This study was designed to investigate and characterize in more detail than had been previously available the electric and magnetic fields associated with the higher amplitude EMI events in the frequency range from 1 kHz to 10 MHz in a CANDU nuclear power station. Although conducted EMI voltages and currents are considered equally important in this frequency range, permission was not obtained for the connection of the necessary probes to safety-related equipment terminals.

The station selected was Darlington Nuclear Generating Station (DNGS), operated by Ontario Power Generation (OPG). A computerized data acquisition (DAC) system equipped with electric and magnetic field sensors designed to respond to fields at frequencies from 1 kHz to 10 MHz was designed and was placed in DNGS for a total period of six and one half months.

The equipment was located for about two months at each of three survey locations, rooms S322, S318, and T305. The first two rooms, next to the Unit 3 control room and largely filled with cable termination and distribution racks, had been used as sites for an earlier EMI survey at the same station, while the third was selected as representing an equipment location closer to plant machinery.
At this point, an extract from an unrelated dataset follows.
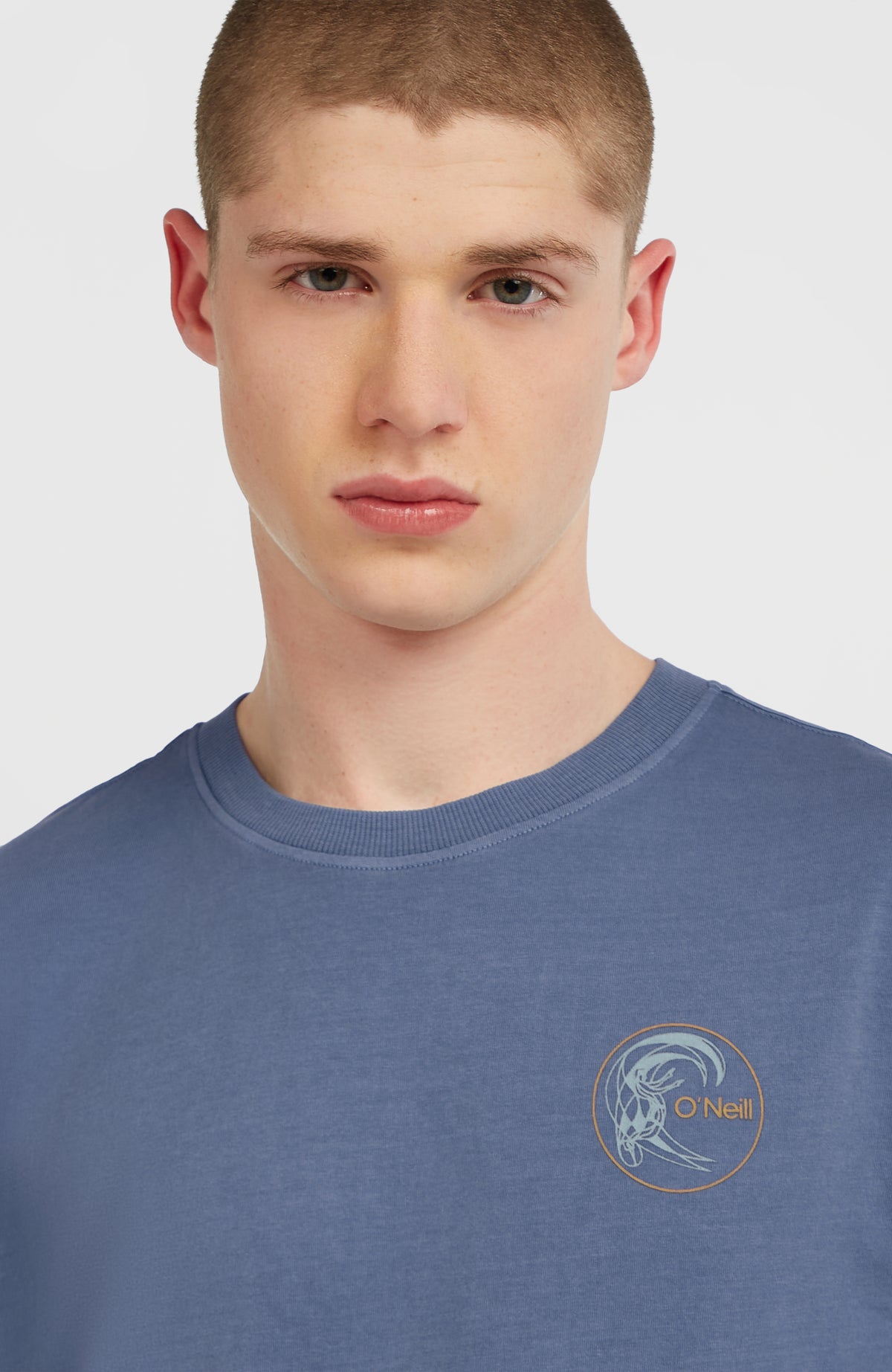 Nahaufnahme von Rundhalsausschnitt und Print des blauen O'Riginals Retro Back-Print T-Shirt am Model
The DAC equipment was configured to record real-time electric and magnetic field waveforms by concurrently triggering four analog to digital channels on an actual event. Each trigger produced a file containing four sensor voltage versus time records, each with 10,000 sample points. Two channels, one electric field and one magnetic field, were sampled at a sampling frequency of 20 Ms/s (defined as the HF channels). The remaining channels, one electric field and one magnetic field, were sampled at a sampling frequency of 1 Ms/s (defined as the LF channels). Each file was date and time stamped.

The general findings of this survey may be summarized as follows.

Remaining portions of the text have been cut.